アグレッシブなビートと深めにコーラスがかかったギターリフが並走するイントロという、Eveの代名詞的なサウンドで幕を明ける新曲“インソムニア”は、現在公開中の『映画 マイホームヒーロー』 主題歌として書き下ろしされた楽曲だ。
”インソムニア”=不眠症というタイトルは、家族のために犯罪に手を染めながら正義と悪の狭間でもがき苦しみ、眠れない日々を送る映画の主人公に寄り添ったものであろうが、《歯食いしばって ただ足掻いて もう戻れない夜を/君と超えろ そうずっと繋いでた 胸に秘めたの》と、取り返しのつかない出来事と今を切り離すのではなく、地続きにする(≒眠らない)ことで乗り越えていく芯の強さが高らかに歌われる。
上下左右、死角なしに配置された不穏なメロディは、不安と焦燥感を極限まで煽りながら覚醒と睡眠を細切れに繰り返す一夜のように緩急自在に駆け巡る。
上述したサビの一節《歯食いしばって ただ足掻いて もう戻れない夜を/君と超えろ そうずっと繋いでた 胸に秘めたの》では一瞬見失うほどに低空飛行したかと思えば爪の先まで鳥肌が立つようなファルセットが放たれ、聴いているだけでも呼吸が荒くなってしまうほどに持っていかれる。

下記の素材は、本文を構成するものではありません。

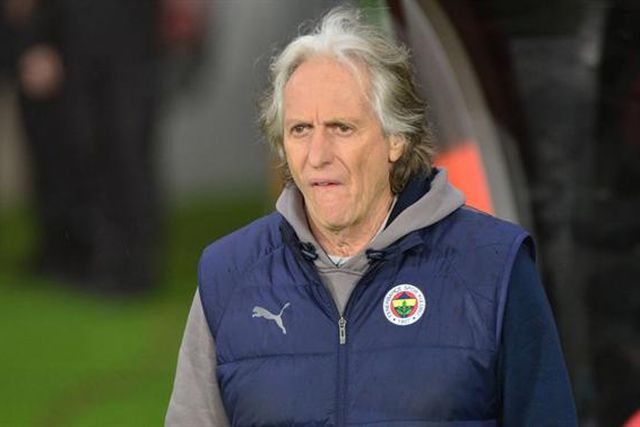 Alerta de Jesus para Schmidt: «Um campeonato não chega»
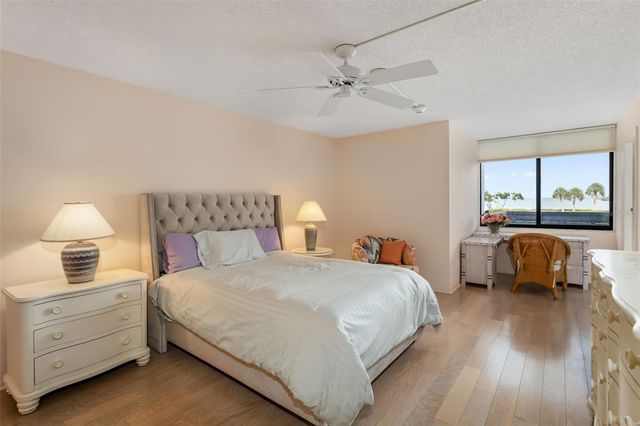 815 BAYPORT WAY 815, Longboat Key, FL 34228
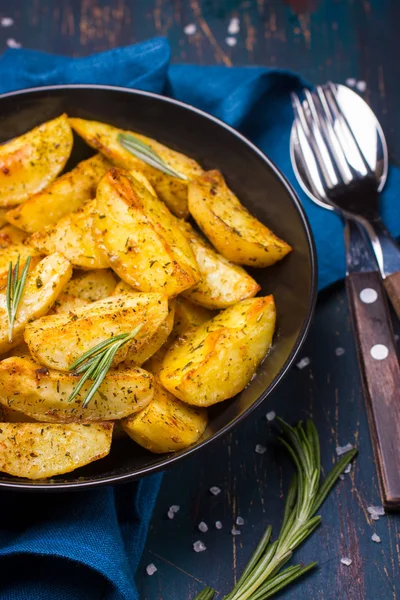 Oven Baked potatoes with herbs — Stock Photo, Image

疾走感溢れるダークチューンは彼の得意とするところだが、1番終わりでモノローグのように《本音は性根が腐ってんだ 不幸を願っている》と吐き出されるラップパートがこれまで以上にEveという存在を身近に感じさせ、そのまま静かに音に身を任せることができる。
まるで隣でひとり愚痴っている彼の姿が見えるような──そんな距離感を感じさせるのが今のEveだ。(橋本創)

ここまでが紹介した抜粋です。